29 March 2012

This Is a Blog Post, Not a Foursquare Check-In

Need to see more of these
NEW YORK – I’m in the Capital of the World today, but you wouldn’t know it from my Foursquare profile. Regular readers know I quit Foursquare exactly one year ago.

I originally joined because I believe Foursquare is in the sweet spot intersecting mobile, social and retail. I stopped checking in because they never delivered on it.

As a business person, I’m rooting for them. As a consumer, I no longer saw the point. There was very little in the way of offers or enhancing the retail experience.

Hopefully that’s going to change. Keep an eye on American Express. Every time I read about some new program leveraging Foursquare, it seems American Express is behind it. They have a presence on Foursquare and there has been recent press coverage like this. Industry cognoscenti know about Amex’s broader social media strategy. and Foursquare CEO Dennis Crowley’s address at SXSW.

If they can go beyond checking in for the sake of checking in, I’ll get back on Foursquare in a New York minute.

What about you? Are you using Foursquare? If so, are you using it as much as when you first joined?

26 March 2012

What Mad Men Teaches Us About Advertising in 2012

The Diversity Committee will see you now
I didn’t watch Mad Men last night. I’m living it today.

There’s nothing wrong with nostalgia, mind you. That early 1960s era is of particular interest to me. On my desk is a small photo of my grandfather taken right about that time.

In addition, I believe history teaches us a lot. In the same way following world history makes us better citizens, following advertising history makes us better at what we do.

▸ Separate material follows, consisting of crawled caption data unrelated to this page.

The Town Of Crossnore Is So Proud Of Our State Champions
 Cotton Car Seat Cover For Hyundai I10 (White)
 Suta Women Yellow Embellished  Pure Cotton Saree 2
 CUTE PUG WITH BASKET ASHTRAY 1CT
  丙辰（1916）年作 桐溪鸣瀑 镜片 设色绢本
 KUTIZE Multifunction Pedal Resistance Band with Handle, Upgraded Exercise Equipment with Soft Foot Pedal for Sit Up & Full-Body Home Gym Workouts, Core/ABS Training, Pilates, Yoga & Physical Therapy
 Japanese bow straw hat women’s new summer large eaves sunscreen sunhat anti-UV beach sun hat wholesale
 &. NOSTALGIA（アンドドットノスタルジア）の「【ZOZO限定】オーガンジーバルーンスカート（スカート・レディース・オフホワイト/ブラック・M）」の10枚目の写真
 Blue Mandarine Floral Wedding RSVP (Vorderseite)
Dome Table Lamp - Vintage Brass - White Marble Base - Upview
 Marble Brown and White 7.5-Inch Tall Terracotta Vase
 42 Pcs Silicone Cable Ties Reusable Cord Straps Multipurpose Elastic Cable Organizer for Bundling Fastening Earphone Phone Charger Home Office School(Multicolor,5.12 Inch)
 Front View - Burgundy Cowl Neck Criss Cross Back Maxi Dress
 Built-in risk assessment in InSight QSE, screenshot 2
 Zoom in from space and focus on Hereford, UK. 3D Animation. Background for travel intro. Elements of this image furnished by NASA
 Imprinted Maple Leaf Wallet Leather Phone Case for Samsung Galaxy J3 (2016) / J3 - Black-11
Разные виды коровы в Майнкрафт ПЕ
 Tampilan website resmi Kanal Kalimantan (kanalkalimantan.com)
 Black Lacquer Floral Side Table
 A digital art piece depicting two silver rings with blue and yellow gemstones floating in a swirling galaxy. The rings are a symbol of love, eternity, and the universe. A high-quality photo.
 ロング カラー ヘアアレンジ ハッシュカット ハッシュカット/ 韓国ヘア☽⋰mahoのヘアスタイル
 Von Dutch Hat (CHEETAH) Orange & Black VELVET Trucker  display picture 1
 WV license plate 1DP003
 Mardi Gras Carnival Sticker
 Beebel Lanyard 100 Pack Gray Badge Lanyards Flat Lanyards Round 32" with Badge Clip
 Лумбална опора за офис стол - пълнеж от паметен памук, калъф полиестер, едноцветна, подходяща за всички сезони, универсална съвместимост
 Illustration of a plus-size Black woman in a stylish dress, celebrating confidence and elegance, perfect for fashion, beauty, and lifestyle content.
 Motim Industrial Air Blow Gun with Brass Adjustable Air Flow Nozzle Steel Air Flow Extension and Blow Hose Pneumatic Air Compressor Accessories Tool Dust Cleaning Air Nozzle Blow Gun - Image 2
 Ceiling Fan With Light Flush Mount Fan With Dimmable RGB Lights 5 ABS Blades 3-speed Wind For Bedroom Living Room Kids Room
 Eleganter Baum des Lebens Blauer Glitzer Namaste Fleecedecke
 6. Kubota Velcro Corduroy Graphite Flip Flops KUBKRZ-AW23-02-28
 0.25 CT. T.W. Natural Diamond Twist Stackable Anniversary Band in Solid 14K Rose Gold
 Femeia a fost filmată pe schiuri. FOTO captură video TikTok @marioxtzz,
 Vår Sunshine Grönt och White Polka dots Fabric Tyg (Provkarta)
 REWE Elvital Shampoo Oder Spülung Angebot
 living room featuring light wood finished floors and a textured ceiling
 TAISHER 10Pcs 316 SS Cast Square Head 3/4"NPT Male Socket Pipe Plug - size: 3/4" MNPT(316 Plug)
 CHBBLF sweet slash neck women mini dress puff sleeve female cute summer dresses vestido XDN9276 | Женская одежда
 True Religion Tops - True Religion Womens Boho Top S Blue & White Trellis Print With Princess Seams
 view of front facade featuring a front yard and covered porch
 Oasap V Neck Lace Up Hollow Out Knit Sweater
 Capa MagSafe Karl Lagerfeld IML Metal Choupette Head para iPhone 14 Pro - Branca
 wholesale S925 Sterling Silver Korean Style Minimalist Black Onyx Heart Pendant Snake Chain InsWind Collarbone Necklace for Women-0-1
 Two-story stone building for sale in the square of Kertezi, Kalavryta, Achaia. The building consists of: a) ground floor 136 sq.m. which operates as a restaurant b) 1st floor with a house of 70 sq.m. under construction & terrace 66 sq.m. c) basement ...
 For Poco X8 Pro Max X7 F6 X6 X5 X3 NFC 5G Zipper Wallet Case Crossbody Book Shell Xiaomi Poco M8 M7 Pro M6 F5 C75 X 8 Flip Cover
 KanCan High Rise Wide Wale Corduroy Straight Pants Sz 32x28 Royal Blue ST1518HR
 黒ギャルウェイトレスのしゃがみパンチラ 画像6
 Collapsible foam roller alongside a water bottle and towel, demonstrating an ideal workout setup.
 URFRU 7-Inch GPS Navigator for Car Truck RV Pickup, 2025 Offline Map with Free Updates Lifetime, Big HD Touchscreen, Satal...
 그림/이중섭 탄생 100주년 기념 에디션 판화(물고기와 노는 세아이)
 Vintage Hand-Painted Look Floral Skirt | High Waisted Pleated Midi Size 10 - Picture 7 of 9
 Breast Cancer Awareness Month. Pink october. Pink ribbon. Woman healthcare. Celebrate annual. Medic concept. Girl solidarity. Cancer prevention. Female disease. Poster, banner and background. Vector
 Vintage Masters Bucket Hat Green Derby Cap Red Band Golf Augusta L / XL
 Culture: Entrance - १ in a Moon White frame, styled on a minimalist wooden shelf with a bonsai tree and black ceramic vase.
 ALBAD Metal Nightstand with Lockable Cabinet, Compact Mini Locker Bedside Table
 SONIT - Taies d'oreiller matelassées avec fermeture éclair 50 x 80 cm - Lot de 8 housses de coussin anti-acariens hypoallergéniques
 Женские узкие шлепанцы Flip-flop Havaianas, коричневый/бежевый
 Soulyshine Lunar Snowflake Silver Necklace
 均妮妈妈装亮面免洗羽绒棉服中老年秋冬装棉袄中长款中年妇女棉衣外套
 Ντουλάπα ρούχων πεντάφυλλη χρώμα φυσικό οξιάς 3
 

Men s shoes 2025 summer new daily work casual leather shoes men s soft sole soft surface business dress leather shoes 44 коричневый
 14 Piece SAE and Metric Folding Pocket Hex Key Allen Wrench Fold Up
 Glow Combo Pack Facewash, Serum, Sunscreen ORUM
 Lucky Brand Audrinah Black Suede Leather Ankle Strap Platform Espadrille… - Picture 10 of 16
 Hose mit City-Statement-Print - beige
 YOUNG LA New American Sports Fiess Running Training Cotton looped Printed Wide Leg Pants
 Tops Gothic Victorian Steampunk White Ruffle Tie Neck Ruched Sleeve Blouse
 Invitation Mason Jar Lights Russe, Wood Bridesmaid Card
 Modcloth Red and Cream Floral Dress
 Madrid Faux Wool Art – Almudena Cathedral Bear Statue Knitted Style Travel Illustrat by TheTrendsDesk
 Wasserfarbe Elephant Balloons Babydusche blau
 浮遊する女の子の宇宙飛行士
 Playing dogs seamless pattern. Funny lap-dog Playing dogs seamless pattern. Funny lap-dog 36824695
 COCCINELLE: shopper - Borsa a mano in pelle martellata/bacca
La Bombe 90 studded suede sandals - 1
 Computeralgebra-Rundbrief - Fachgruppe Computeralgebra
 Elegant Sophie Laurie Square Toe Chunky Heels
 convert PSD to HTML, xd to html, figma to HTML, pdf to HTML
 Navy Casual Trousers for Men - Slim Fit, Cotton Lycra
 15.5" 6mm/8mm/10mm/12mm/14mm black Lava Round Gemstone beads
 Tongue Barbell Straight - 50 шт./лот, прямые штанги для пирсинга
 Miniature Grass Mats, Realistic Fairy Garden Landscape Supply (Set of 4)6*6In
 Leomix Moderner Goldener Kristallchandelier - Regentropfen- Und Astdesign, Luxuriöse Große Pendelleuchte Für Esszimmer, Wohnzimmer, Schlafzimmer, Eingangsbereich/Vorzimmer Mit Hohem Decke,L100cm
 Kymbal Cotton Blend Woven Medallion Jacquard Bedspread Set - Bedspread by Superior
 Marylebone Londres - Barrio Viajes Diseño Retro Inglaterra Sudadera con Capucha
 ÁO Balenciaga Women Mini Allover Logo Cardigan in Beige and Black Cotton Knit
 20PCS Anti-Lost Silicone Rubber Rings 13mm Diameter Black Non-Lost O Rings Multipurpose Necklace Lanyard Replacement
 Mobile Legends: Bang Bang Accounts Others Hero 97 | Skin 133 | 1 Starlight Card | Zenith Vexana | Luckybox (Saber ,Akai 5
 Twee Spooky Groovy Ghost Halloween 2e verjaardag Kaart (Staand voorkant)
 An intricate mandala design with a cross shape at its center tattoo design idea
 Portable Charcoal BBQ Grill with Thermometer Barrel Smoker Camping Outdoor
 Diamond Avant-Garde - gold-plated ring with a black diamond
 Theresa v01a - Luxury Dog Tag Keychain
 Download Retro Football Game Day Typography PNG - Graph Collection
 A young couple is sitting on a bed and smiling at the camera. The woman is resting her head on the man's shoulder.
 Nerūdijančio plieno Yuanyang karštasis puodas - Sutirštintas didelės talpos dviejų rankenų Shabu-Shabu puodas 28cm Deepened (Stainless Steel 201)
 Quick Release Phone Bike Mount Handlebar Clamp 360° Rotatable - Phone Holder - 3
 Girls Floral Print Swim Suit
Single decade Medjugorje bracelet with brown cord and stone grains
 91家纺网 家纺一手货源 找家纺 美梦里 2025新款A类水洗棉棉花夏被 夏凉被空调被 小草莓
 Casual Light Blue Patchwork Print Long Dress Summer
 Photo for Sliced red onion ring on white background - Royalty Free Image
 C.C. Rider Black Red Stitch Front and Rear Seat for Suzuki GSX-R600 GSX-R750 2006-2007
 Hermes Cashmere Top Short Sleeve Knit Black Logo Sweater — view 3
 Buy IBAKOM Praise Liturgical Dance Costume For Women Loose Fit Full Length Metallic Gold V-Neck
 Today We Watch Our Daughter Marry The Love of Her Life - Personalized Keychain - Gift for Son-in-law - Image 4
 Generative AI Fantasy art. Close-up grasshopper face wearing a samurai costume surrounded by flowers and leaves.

What we do is sell. And modern times are the best times to be doing just that. The last great upheaval in advertising was driven by television, but it only happened once. Digital technology drives new upheavals all the time. It’s happening so fast that few can keep up with it or understand it. Major CPG companies struggle; former Mad Men seem to understand. But as Matt Nelson of Tribal DDB put it, now is the golden era for advertising.

In a similar reflection, Duff Stewart of GSD&M said “a successful leader in advertising… today is defined by curiosity.” I couldn’t have said it better myself. (Well – I tried, here and here.) With such a menu of challenges and buffet of media options, more than ever we can say “it’s all advertising” and get to the task of selling in new ways. We have much to learn.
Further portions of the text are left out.